··· Source records
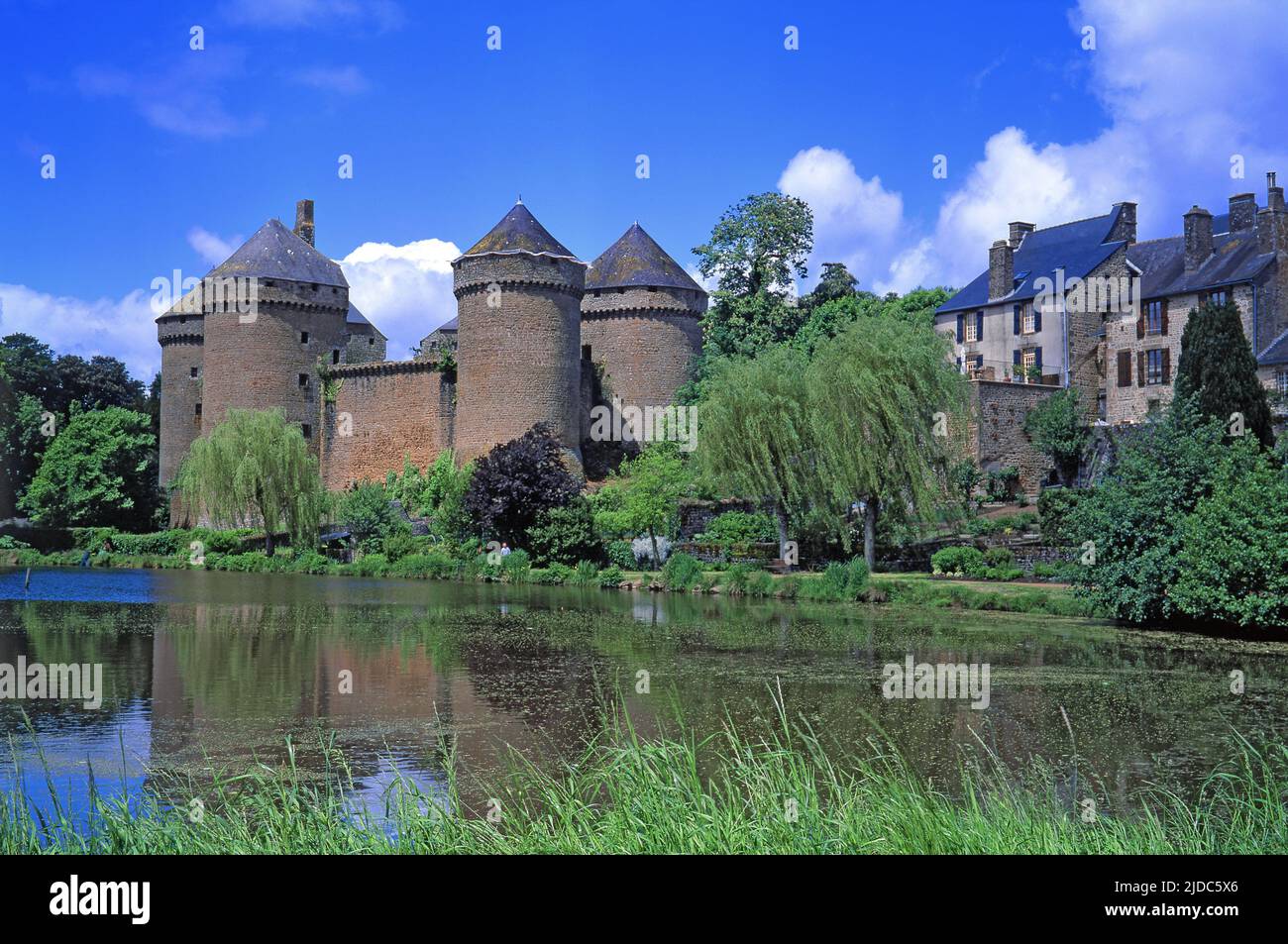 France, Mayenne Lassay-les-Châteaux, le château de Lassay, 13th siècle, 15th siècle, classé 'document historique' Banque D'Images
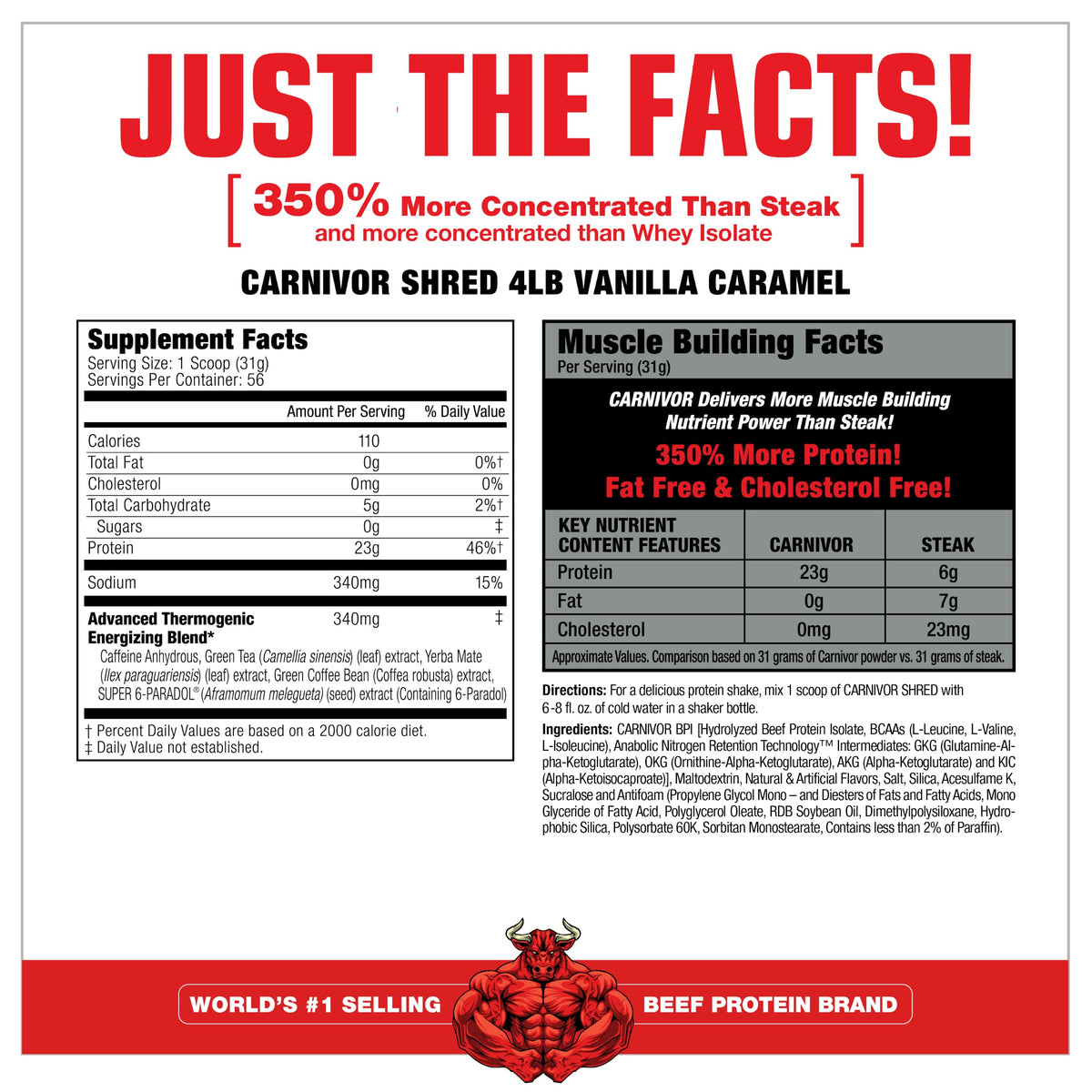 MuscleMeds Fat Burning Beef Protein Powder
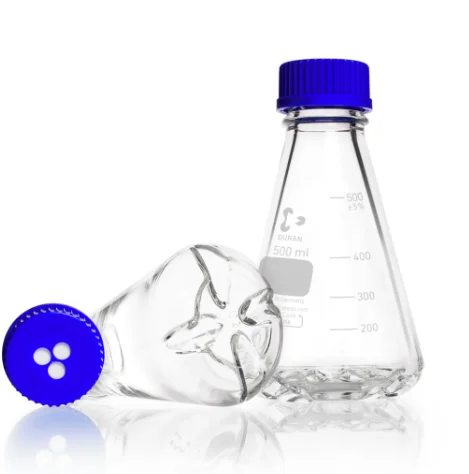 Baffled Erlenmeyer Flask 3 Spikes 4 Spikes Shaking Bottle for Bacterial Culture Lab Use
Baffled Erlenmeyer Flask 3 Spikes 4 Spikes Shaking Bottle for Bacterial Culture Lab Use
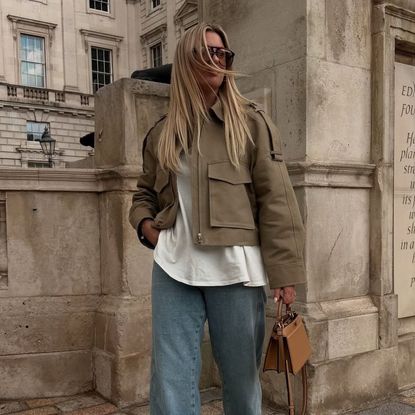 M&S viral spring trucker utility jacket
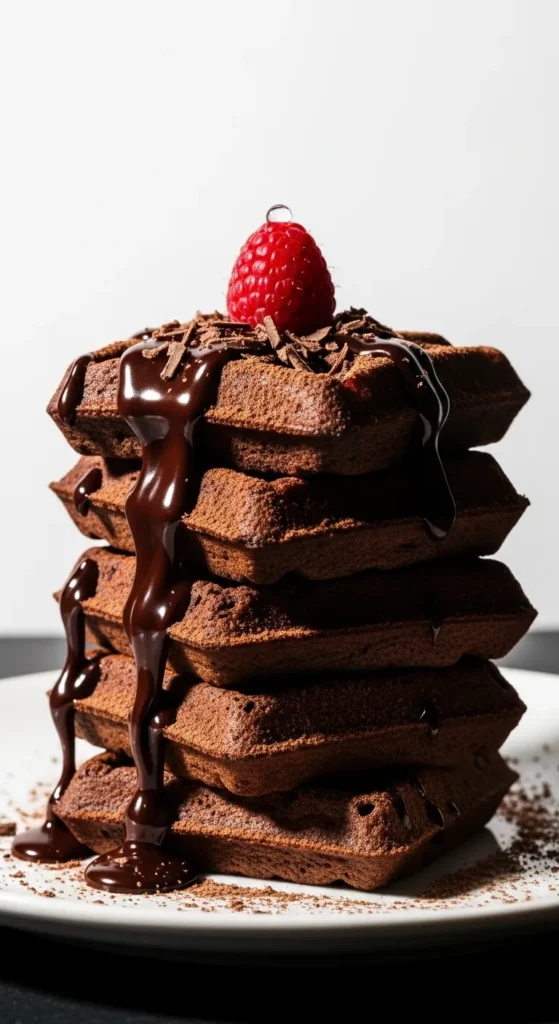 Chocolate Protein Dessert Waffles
······
What is required
Repeat the records above verbatim, with no pictures in the result.

Output for this task
 France, Mayenne Lassay-les-Châteaux, le château de Lassay, 13th siècle, 15th siècle, classé 'document historique' Banque D'Images
 MuscleMeds Fat Burning Beef Protein Powder
 Baffled Erlenmeyer Flask 3 Spikes 4 Spikes Shaking Bottle for Bacterial Culture Lab Use
Baffled Erlenmeyer Flask 3 Spikes 4 Spikes Shaking Bottle for Bacterial Culture Lab Use
 M&S viral spring trucker utility jacket
 Chocolate Protein Dessert Waffles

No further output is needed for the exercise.